Mittwoch, 11. Januar 2017

Олег Кашин: Петухи из дерьма и социальная шизофрения

Олег Кашин: Петухи из дерьма и социальная шизофрения




Продолжая писать письма потомкам, я с содроганием думаю о том, в каком виде предстанет перед ними наше настоящее; речь, конечно, не о роли в истории тех личностей, из которых сегодня состоит новостной поток, Бог бы с ними. Меня беспокоят как раз те слова, которые останутся от нас, и, откровенно говоря, каким бы тщеславным я ни был, я предпочел бы забвение превратному толкованию, которое кажется мне неизбежным.

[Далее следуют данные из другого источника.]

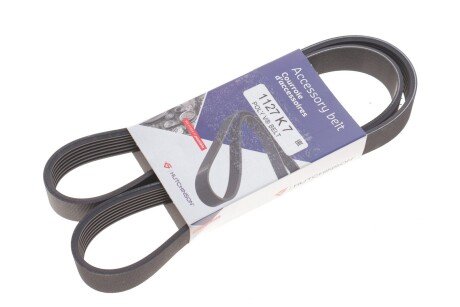 Приводной ремень генератора hutchinson 1127K7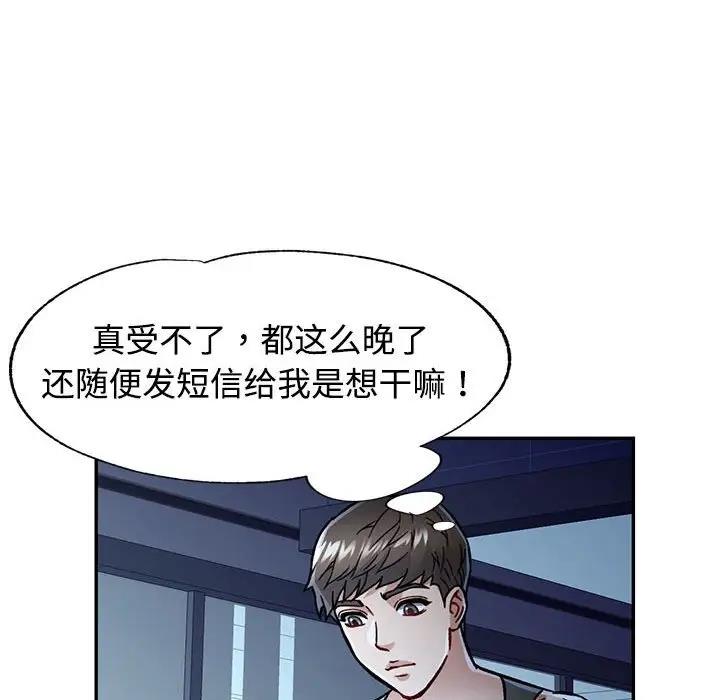 [韩国漫画] 可以爱你吗 剧情,熟女人妻#[174P]-84
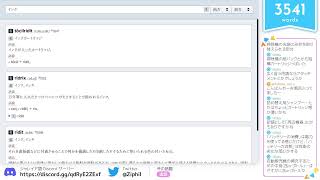 シャレイア語造語実況 #324 (H5333)
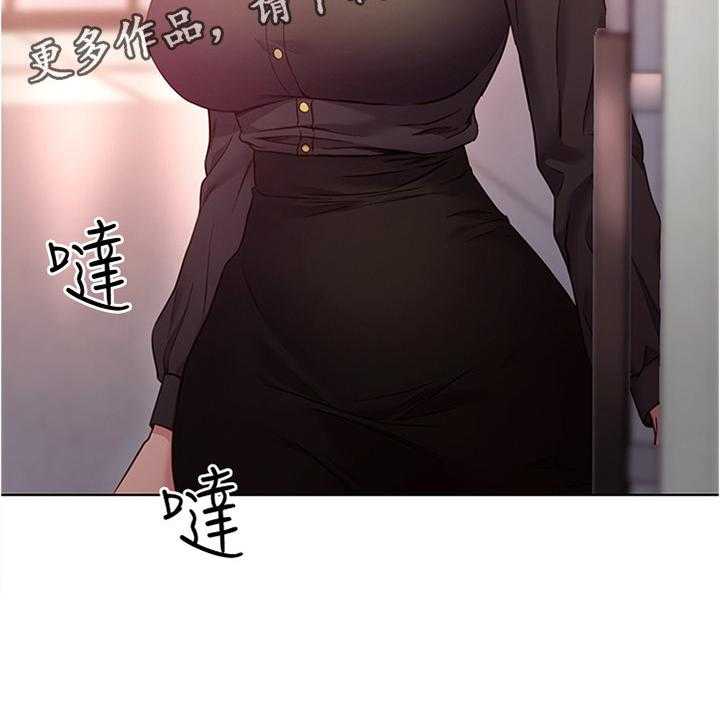《网络因缘》第25话 25_审问 第12页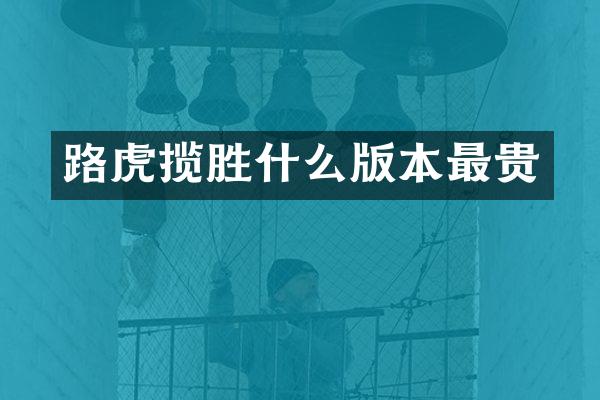 路虎揽胜什么版本最贵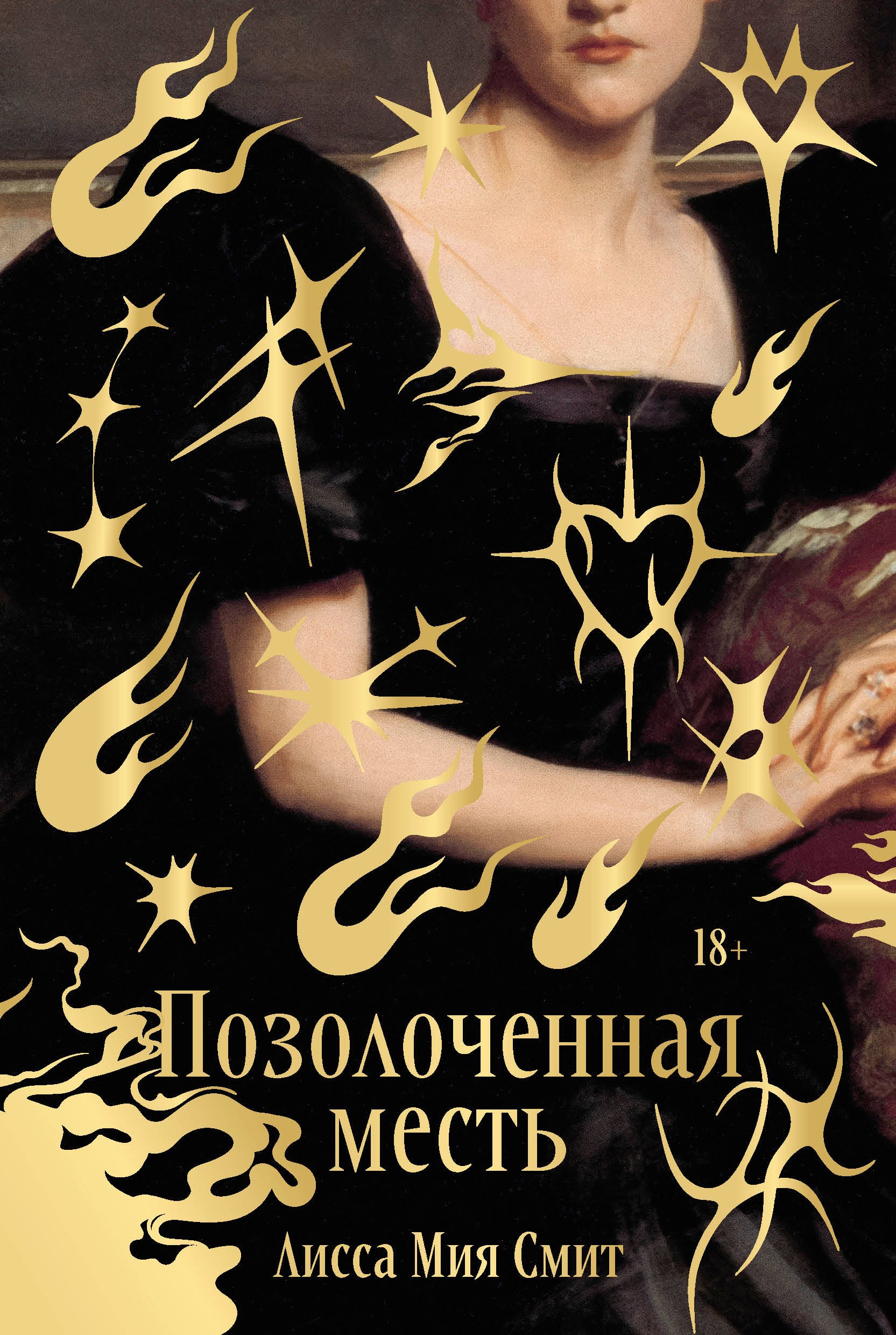 Обложка книги «Позолоченная месть»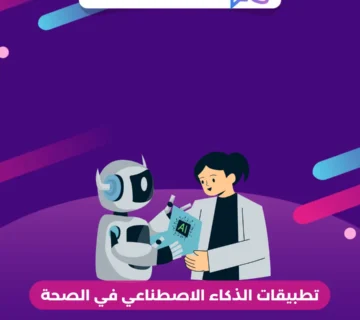 تطبيقات الذكاء الاصطناعي في الصحة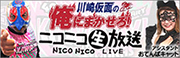 俺にまかせろ！ニコニコ生放送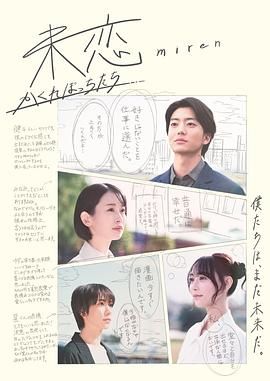 花季传媒《未恋～隐藏的人们～ 未恋～かくれぼっちたち～》免费在线观看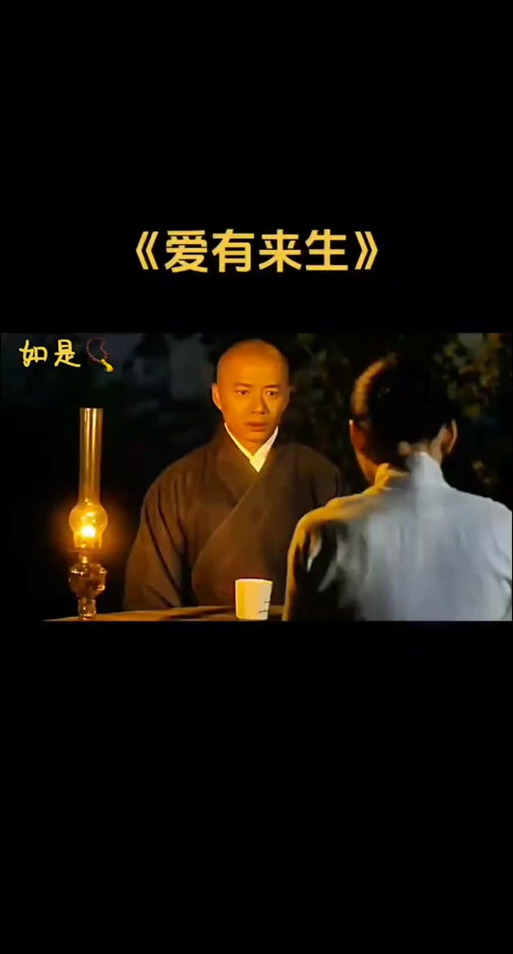 电影《爱有来生》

Казалось бы, что может быть проще — возьми все тексты хоть Кашина, хоть Ксении Собчак, хоть Просвирнина, чьи угодно, читай их подряд, и перед тобой предстанет картина русской общественной мысли десятых годов двадцать первого века; но ведь нет, ничего не выйдет. Тексты надо будет расставить «в зависимости от», то есть прежде чем читать их, надо будет решить, кто точка отсчета, а кто фон, кто чей современник, а кто наоборот, осчастливил нас своим присутствием где-то рядом с нами. И у меня есть подозрение, что уже на этой стадии с потомками, читающими нас, приключится такой беспрецедентный, не имеющий аналогов в нашем прошлом, сбой, результатом которого станет перевернутая и перепутанная картина того мира, в котором живем мы.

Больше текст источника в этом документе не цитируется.